◆ Work instructions
Every line from the one holding "日本千叶市国际电子高新科技展览会" through the last line of the records must be retyped exactly, and no other line or picture may appear in the copy.

◆ Data extracted from a collection
++++++

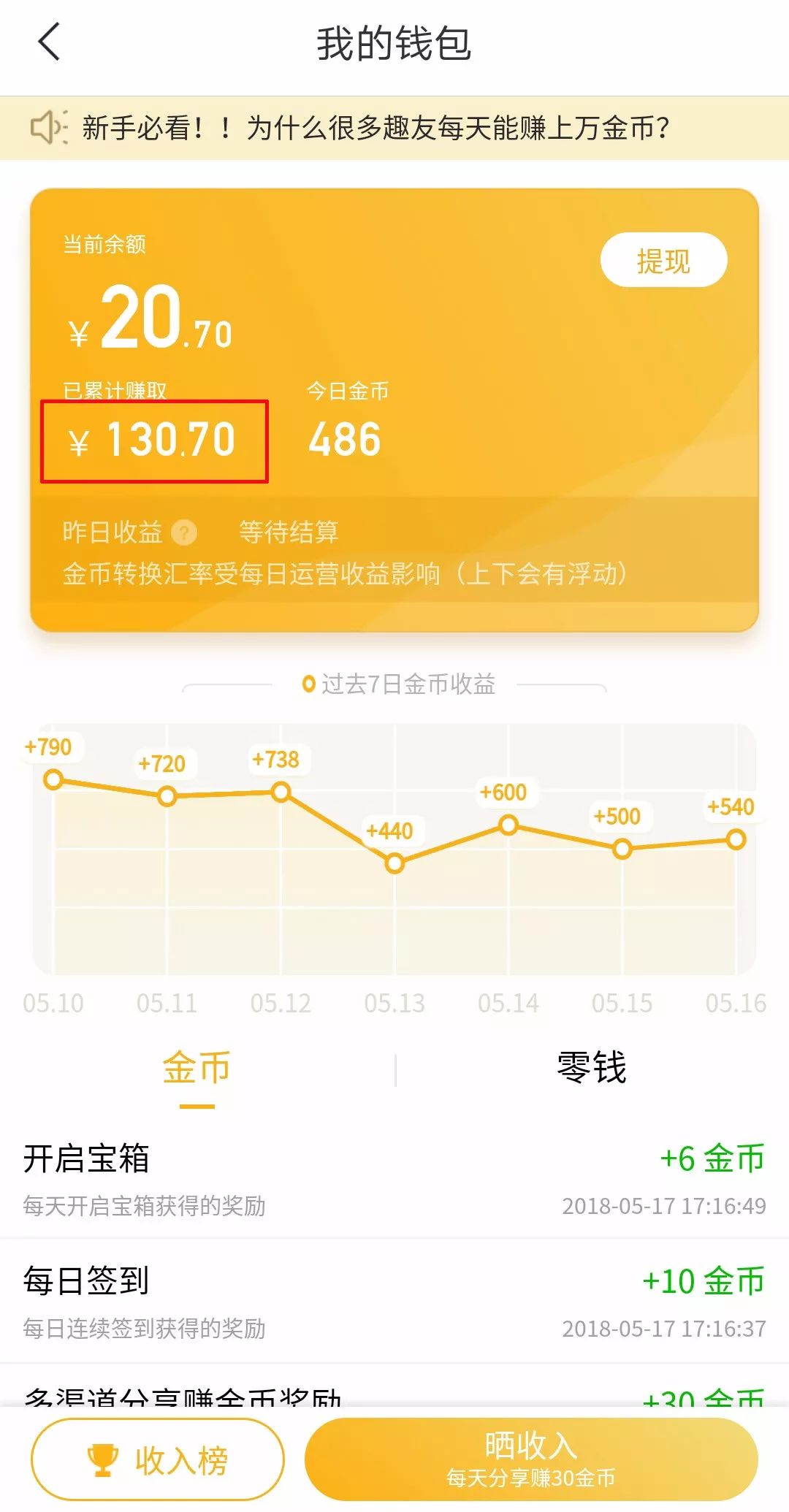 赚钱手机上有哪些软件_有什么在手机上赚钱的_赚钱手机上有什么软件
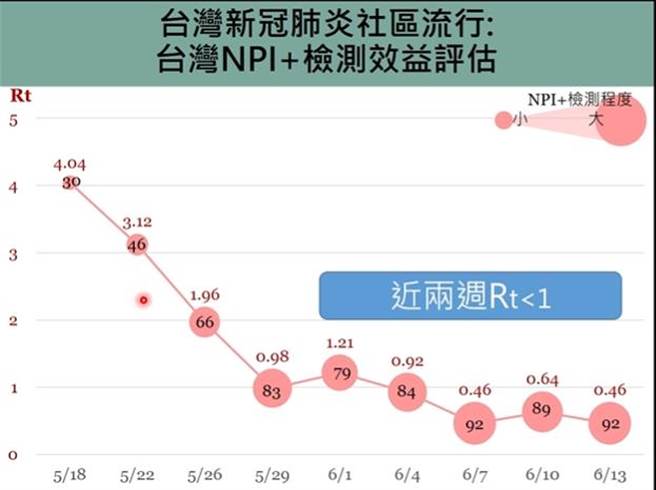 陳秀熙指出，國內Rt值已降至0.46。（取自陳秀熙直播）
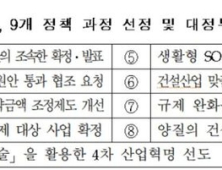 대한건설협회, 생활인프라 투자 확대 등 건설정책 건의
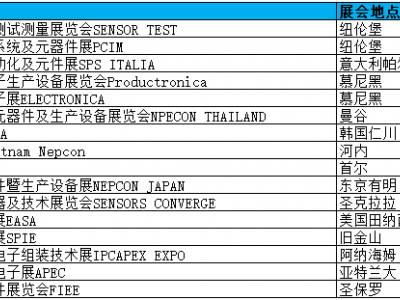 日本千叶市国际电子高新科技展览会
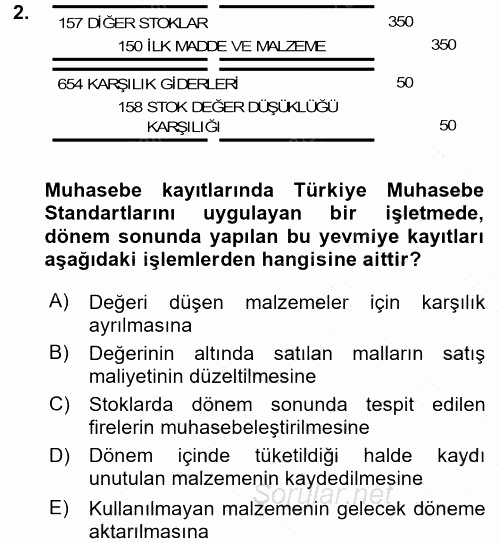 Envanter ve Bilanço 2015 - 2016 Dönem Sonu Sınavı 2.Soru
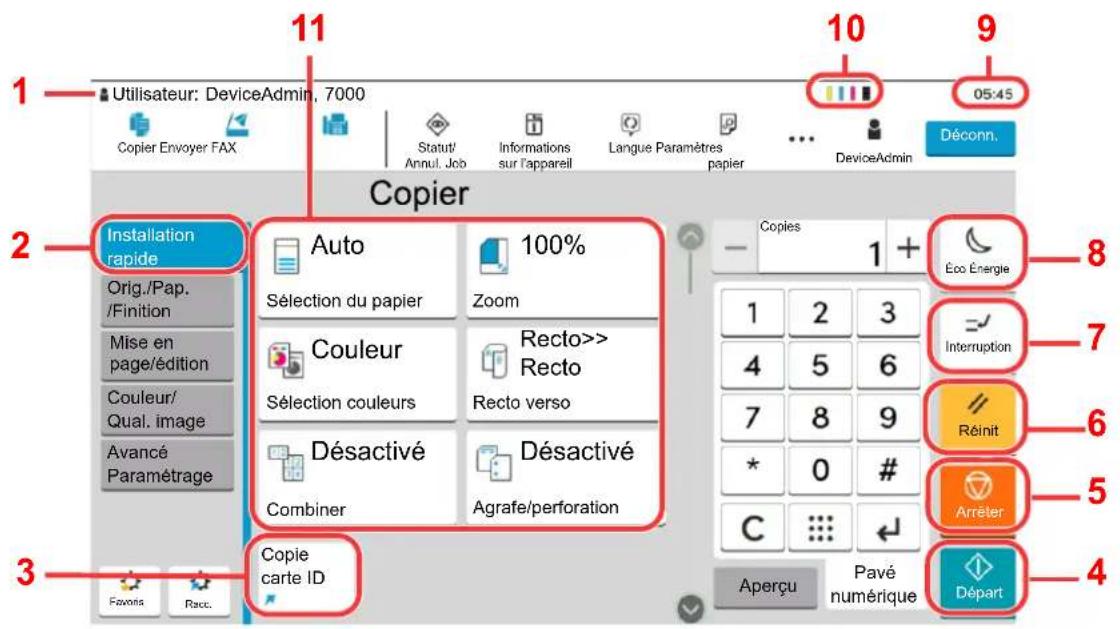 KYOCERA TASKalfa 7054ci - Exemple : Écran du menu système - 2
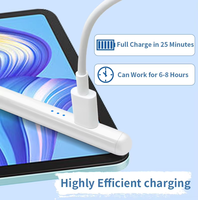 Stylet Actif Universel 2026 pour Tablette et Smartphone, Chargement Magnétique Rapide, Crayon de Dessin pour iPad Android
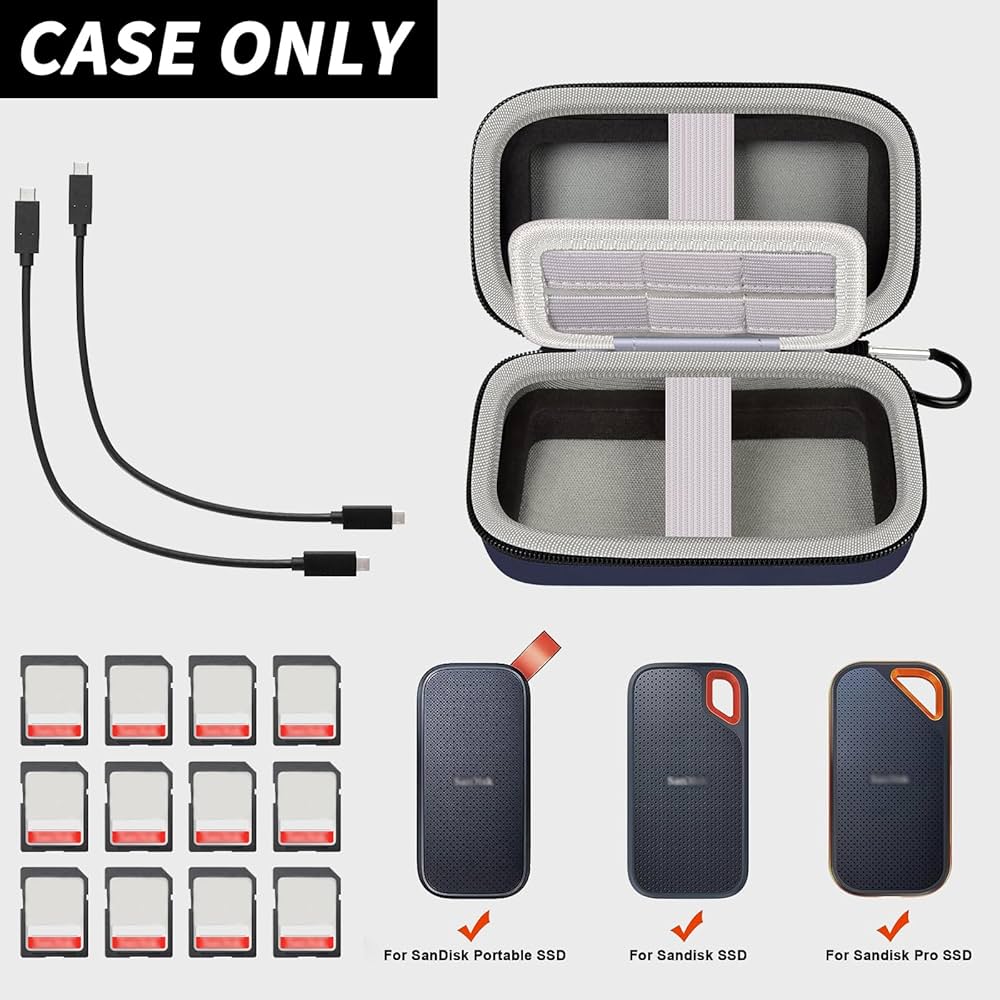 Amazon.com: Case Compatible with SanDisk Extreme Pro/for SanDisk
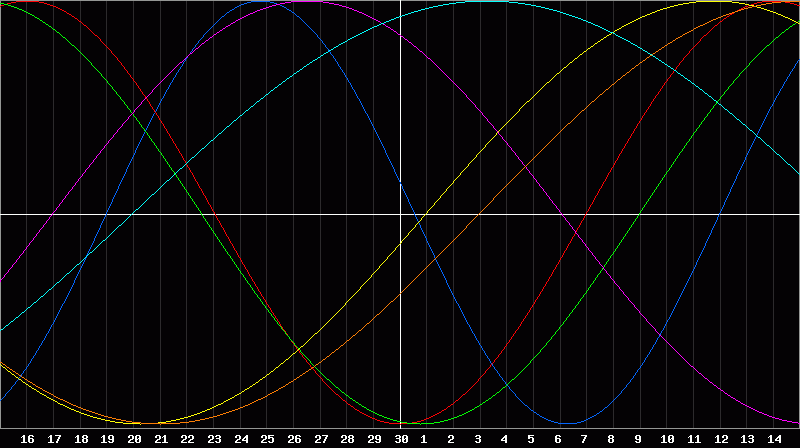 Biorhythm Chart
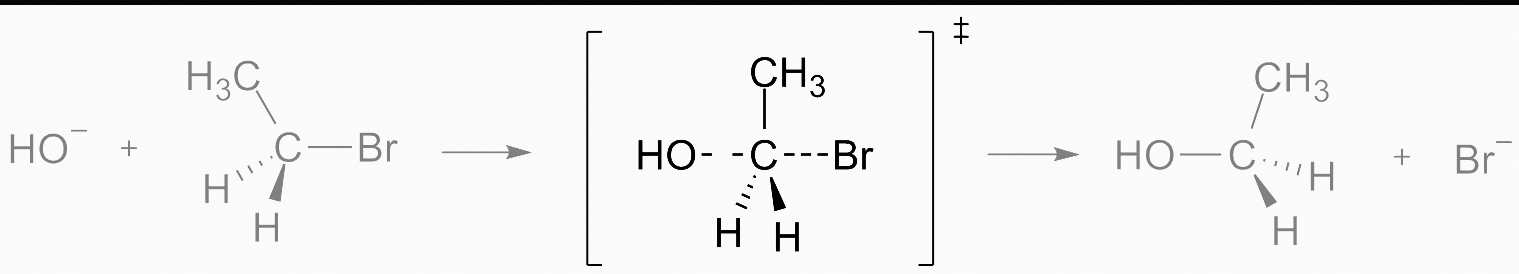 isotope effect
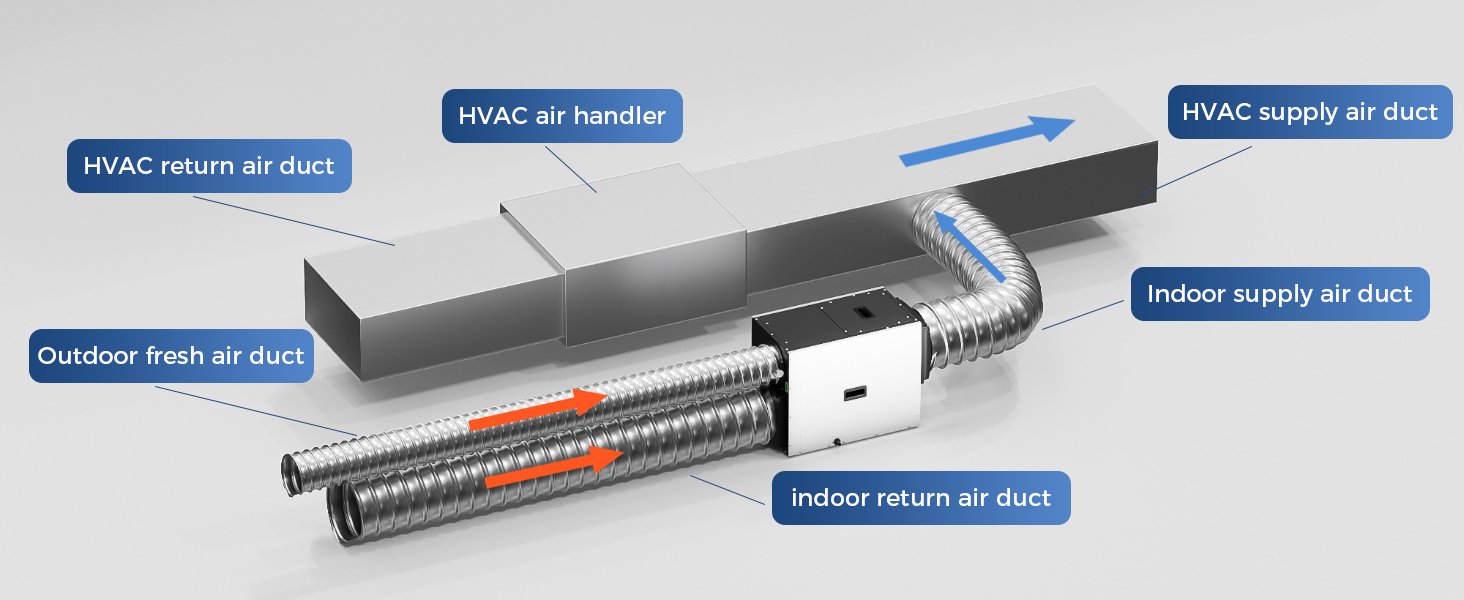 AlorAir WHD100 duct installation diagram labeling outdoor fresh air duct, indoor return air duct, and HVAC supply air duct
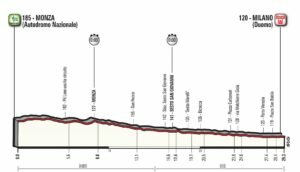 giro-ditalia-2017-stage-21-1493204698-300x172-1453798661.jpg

++++++

◆ Solved exercise
 日本千叶市国际电子高新科技展览会
 Envanter ve Bilanço 2015 - 2016 Dönem Sonu Sınavı 2.Soru
 KYOCERA TASKalfa 7054ci - Exemple : Écran du menu système - 2
 Stylet Actif Universel 2026 pour Tablette et Smartphone, Chargement Magnétique Rapide, Crayon de Dessin pour iPad Android
 Amazon.com: Case Compatible with SanDisk Extreme Pro/for SanDisk
 Biorhythm Chart
 isotope effect
 AlorAir WHD100 duct installation diagram labeling outdoor fresh air duct, indoor return air duct, and HVAC supply air duct
 giro-ditalia-2017-stage-21-1493204698-300x172-1453798661.jpg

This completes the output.